Los chopos son árboles altos y esbeltos, y el verde de sus hojas de una claridad tierna y siempre joven. Gusta la brisa de retozar entre ellas.
La sinuosa hilera de chopos bordeando dócilmente el río, formaban un estrecho bosquecillo más bien denso. Eran como una nutrida pantalla verde de sujeción de ambas orillas, hasta que entraron a saco en su densidad las máquinas con que crear escolleras para reforzar el interior de los recodos y curvas del río.
El chopo lleva inscrito en su madera blanca un reloj que marca con sabia regularidad las estaciones del año. Joven en primavera, espléndido de lozanía en verano, y antes de despojarse de su esplendor vegetal y dormirse en la almohada blanca del invierno, estalla lleno de luz, al atardecer otoñal de cada día, próximos los estertores del año.
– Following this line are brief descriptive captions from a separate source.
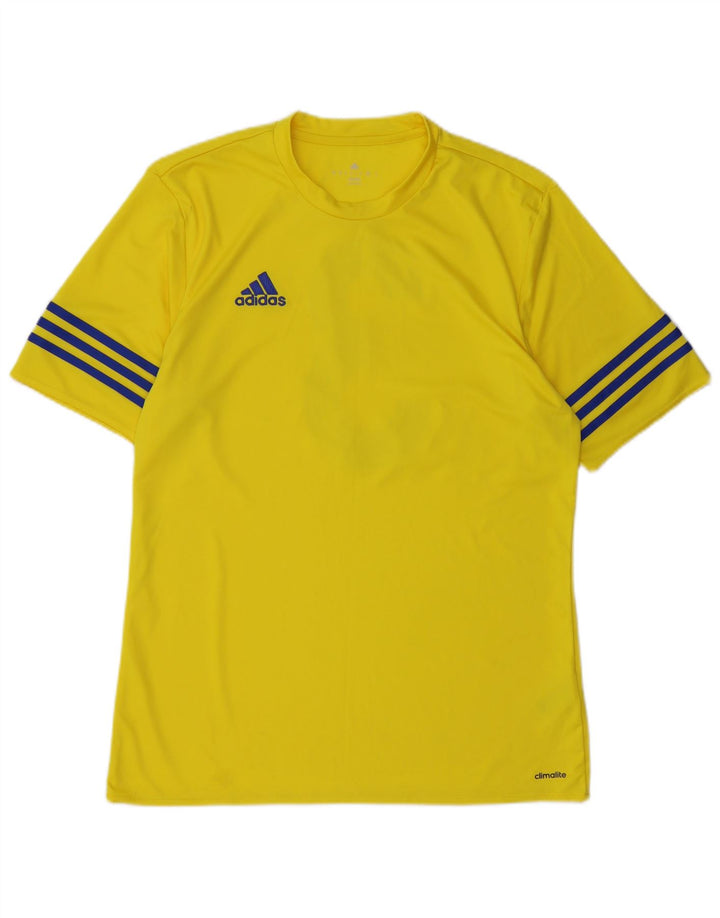 Ανδρικό γραφικό T-Shirt Adidas Climalite Τοπ μεσαίου κίτρινου πολυεστέρα
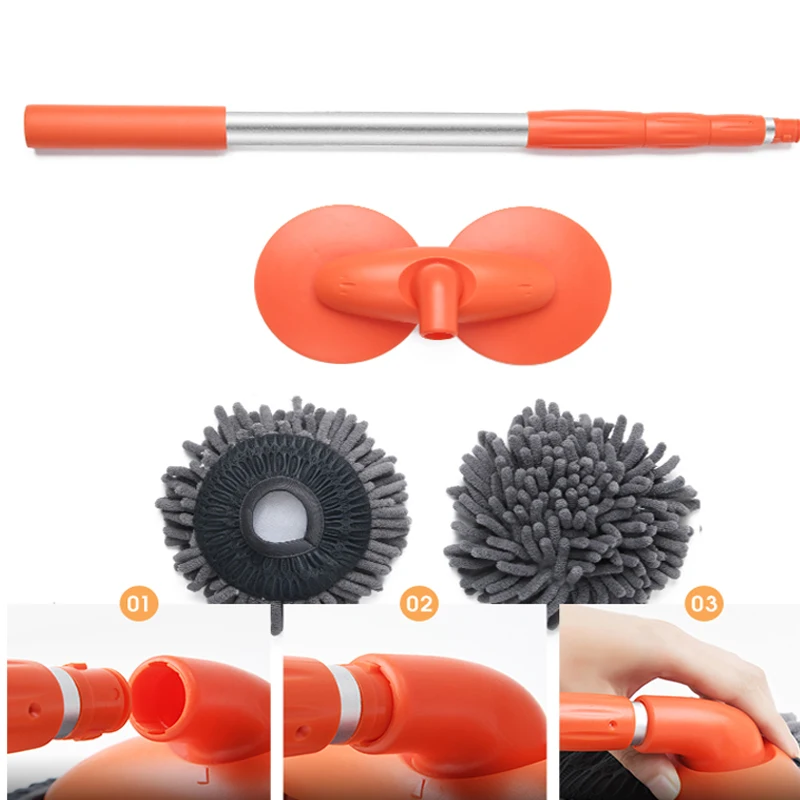 Double Brush Head Rotating Car Wash Mop Three-Section Telescopic Mop Roof Window Cleaning Maintenance Auto Supplies Accessories 6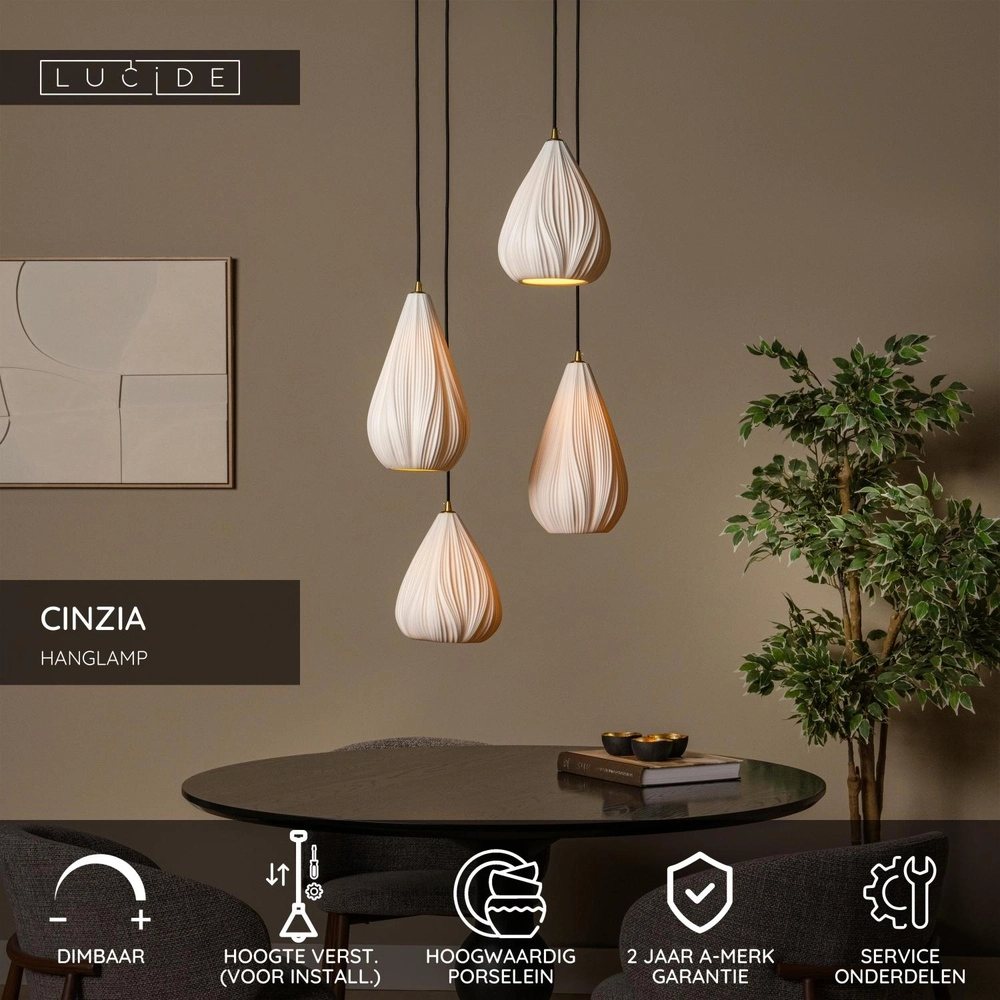 Design hanglamp Cinzia wit Ø 55,5cm Lucide 5411212135001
Es de ver entonces el incendio de sus contraluces, frente al ocaso, lleno de encendidas transparencias, como hoguera amarilla o vidriera vegetal.
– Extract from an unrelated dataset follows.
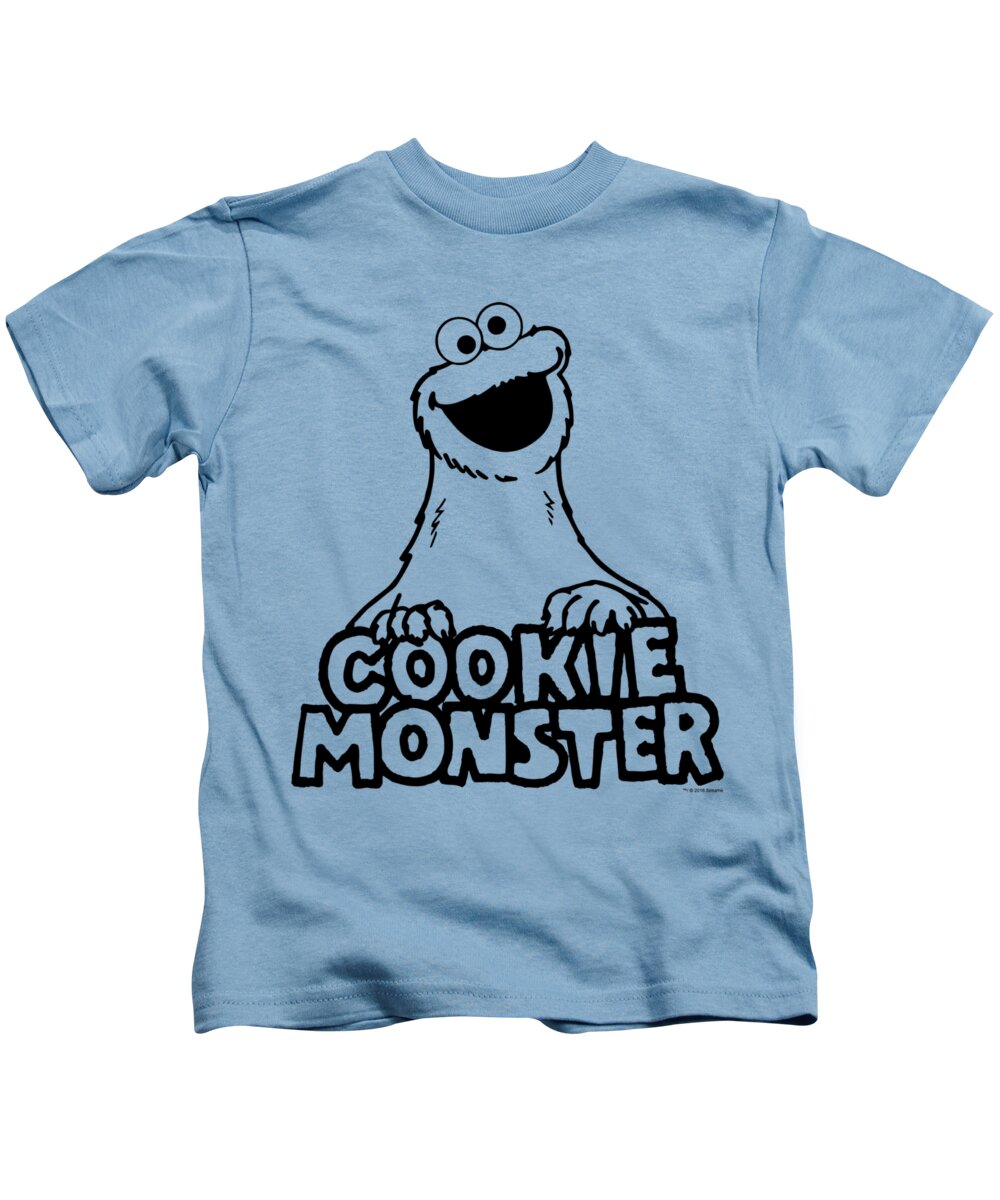  Kids T-Shirt featuring the digital art Sesame Street - Vintage Cookie Monster by Brand A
Es así deleitoso pasear a la sombra verde de los chopos, incluso cuando el sol empieza a adelantar sus inclemencias estivales. Su larga sombra amiga es fresca y acogedora... Pero de nuevo, en pleno mes de mayo, contra toda lógica previsión, han irrumpido otra vez el frío, la lluvia y la nieve. No siempre funcionan bien los relojes del tiempo.